Jan 17, 2013, 11:51 AM EDT

Andrew Friedman Reuters Reuters

Earlier this week minor leaguer David Wendt became the seventh Rays player to be suspended for a positive drug test since the beginning of 2012, so naturally Roger Mooney of the Tampa Tribune asked executive vice president of baseball operations Andrew Friedman for a comment on that high total:

Obviously we’re disappointed in the number of suspensions in our organization. We have to remember that these are young kids, and as much as you try to educate them, mistakes will happen. The important part is that they learn from them. We will tolerate guys making mistakes. We’ll talk through it again, and it’s incumbent upon them to learn from their mistakes and make sure that it doesn’t happen again.

That’s about what you’d expect Friedman to say.

Rays farm director Mitch Lukevics told Mooney that lists of banned substances are posted in every minor-league clubhouse and players are educated about supplements, which makes seven players in one organization being banned for 50 games all the more startling.

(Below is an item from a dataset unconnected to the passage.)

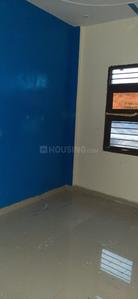 Gallery Cover Image of 950 Sq.ft 2 BHK Independent House for buy in Ibadullapur Urf Badalpur for 3300000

  1. number42is1 - Jan 17, 2013 at 12:18 PM

    the first thing i thought of when i read the title of this one was
    “More asbestos, More Asbestos, More Asbestos”

  2. kevinleaptrot - Jan 17, 2013 at 12:18 PM

    Sounds like Andrew has taken some PR lessons from Norv Turner.

  3. deathmonkey41 - Jan 17, 2013 at 12:59 PM

    Oddly enough, Theo Epstein is relocating a bunch of Cubs scouts from the midwest to the southeast.

    • Old Gator - Jan 17, 2013 at 1:03 PM

      Are Cubs scouts homophobic too, or are they too young to have entered the right wing nurture versus nature debate?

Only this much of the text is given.